─── Entries shown ───

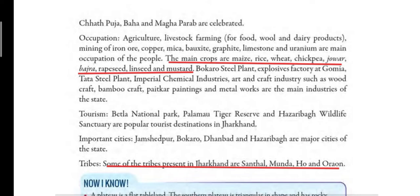For tourism, Betla National Park, Palamu Tiger Reserve, and Hazaribag Wildlife Sanctuary are the popular tourist destinations in Jharkhand. The many waterfalls here also make an important tourist attraction in the state.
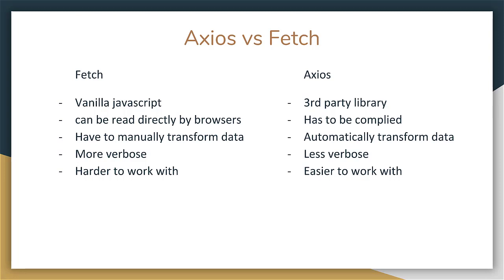So first, what is fetch? Fetch is vanilla JavaScript. It's not a third-party library like Axios. And because it's vanilla JavaScript, it can be read directly by browsers, whereas Axios has to be compiled.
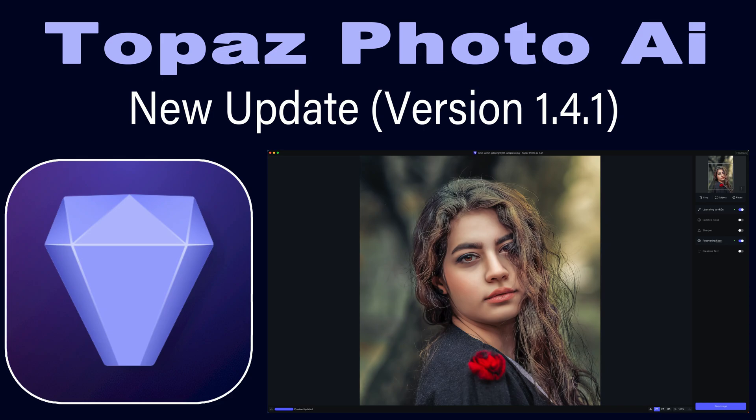Today on the Joy of Editing, I want to take a look at the latest update for Topaz Photo AI. This is version 1.4.1.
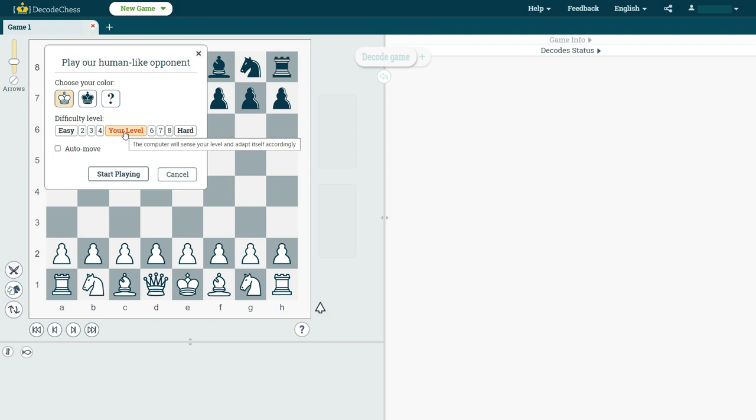While the computer opponent does not display an ELO rating, it does a very good job at understanding what your level is, and it will try and reflect a balanced game experience, not like a regular engine.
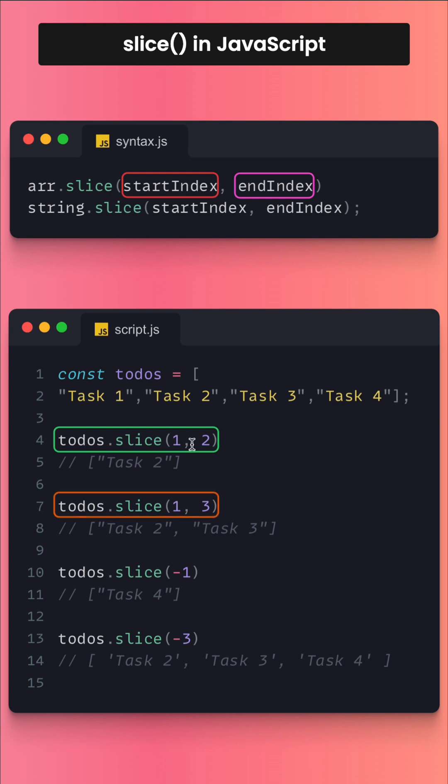In this case we are running it from 1 to 3. From 1 till 3, task 4 will not be included because the mechanism is that the end index you are putting will never be included in the output.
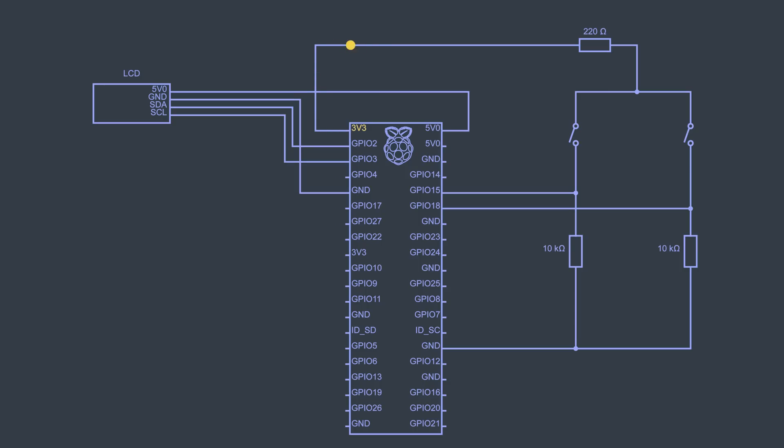I can have a logic up ring that touches either a dash ring or a dot ring, sending a logic up signal to the program. When the rings aren't touching, the signal is pulled down by a resistor. Finally, the result is sent to a small LCD display.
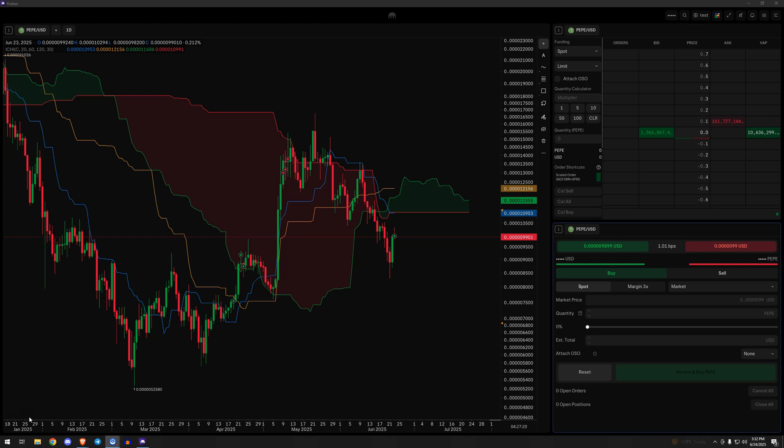Let's take a look at one particular setup in the market today using the OSO or OTOCO functionality here on Kraken Desktop. If you do not have a Kraken account, you can use the link in the description of this video to get that set up today.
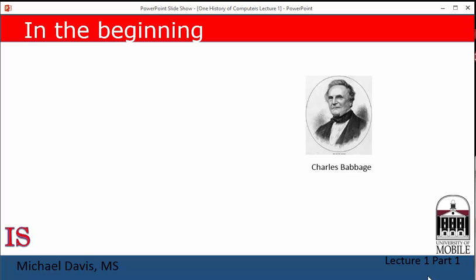He is Charles Babbage. Charles Babbage, 1792 to 1871, was a British mathematician who became frustrated with the tables that were used at that time to perform calculations, such as the logarithm tables.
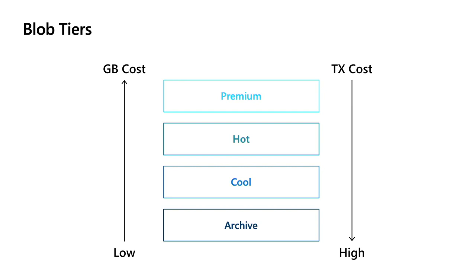the overall cost of that workload, including the capacity and the transactions, will actually be less than the hot tier. The hot and cool tiers are both hard drive based, and they have a nice balance of capacity and transaction costs.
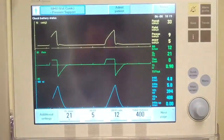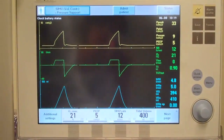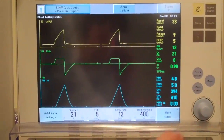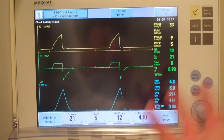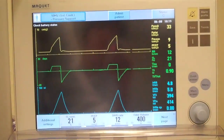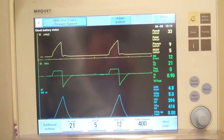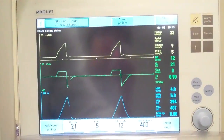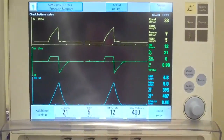All of these plateau pressures have to be gotten during a positive pressure breath. The reason I use the pause pressure setting is because it's just so much easier. The thing you've got to remember is to make sure that you take it off whenever you get finished evaluating.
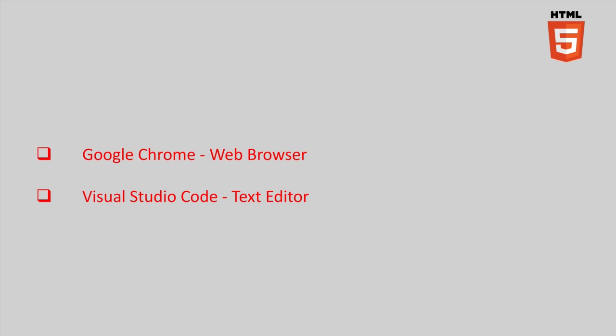While there are many options out there, this course will use Google Chrome as our web browser and Visual Studio Code as our text editor.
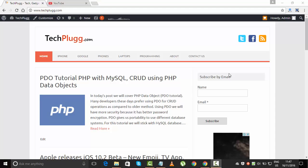Hey guys, this is Sangram. Welcome to TechPlugg. In this video, I'm going to tell you how you can delete the previous version of Windows. The first thing you need to do is go to the search bar.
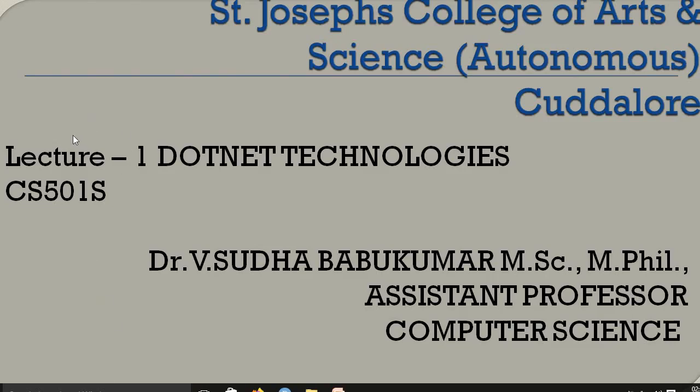Good morning to you all. I am Sultam, Assistant Professor at BGM Research Department of Computer Science, Joseph's College of Arts and Science, Catalog. My subject is .NET Technology.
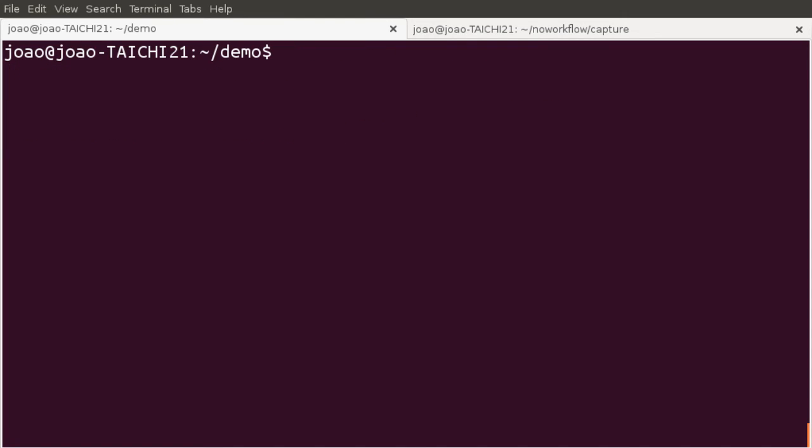However, if we use dash e-tracer, as in now run dash e-tracer experiment.py, it will run a tracer to capture dependencies between variables, and it will be slower.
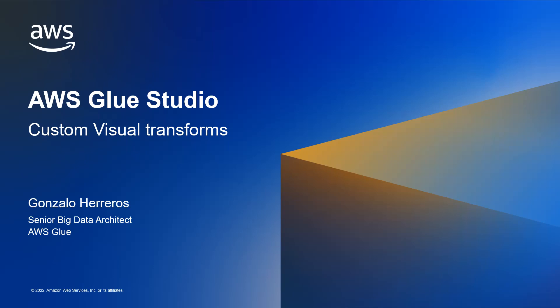Hi, this is Gonzalo from the AWS Glue team and today I will show you a game changing feature just added to Glue Studio that empowers users to extend the tool capabilities.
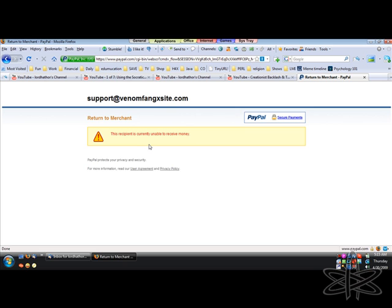This is the second account that he's created, thus forcing him to falsify his information to a legal bank at least once.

───

Copy exactly the lines from the line that has "I can have a" through the last line of the entries above, inclusive, and no others. Pictures do not go in the copy.

I can have a logic up ring that touches either a dash ring or a dot ring, sending a logic up signal to the program. When the rings aren't touching, the signal is pulled down by a resistor. Finally, the result is sent to a small LCD display.
Let's take a look at one particular setup in the market today using the OSO or OTOCO functionality here on Kraken Desktop. If you do not have a Kraken account, you can use the link in the description of this video to get that set up today.
He is Charles Babbage. Charles Babbage, 1792 to 1871, was a British mathematician who became frustrated with the tables that were used at that time to perform calculations, such as the logarithm tables.
the overall cost of that workload, including the capacity and the transactions, will actually be less than the hot tier. The hot and cool tiers are both hard drive based, and they have a nice balance of capacity and transaction costs.
All of these plateau pressures have to be gotten during a positive pressure breath. The reason I use the pause pressure setting is because it's just so much easier. The thing you've got to remember is to make sure that you take it off whenever you get finished evaluating.
While there are many options out there, this course will use Google Chrome as our web browser and Visual Studio Code as our text editor.
Hey guys, this is Sangram. Welcome to TechPlugg. In this video, I'm going to tell you how you can delete the previous version of Windows. The first thing you need to do is go to the search bar.
Good morning to you all. I am Sultam, Assistant Professor at BGM Research Department of Computer Science, Joseph's College of Arts and Science, Catalog. My subject is .NET Technology.
However, if we use dash e-tracer, as in now run dash e-tracer experiment.py, it will run a tracer to capture dependencies between variables, and it will be slower.
Hi, this is Gonzalo from the AWS Glue team and today I will show you a game changing feature just added to Glue Studio that empowers users to extend the tool capabilities.
This is the second account that he's created, thus forcing him to falsify his information to a legal bank at least once.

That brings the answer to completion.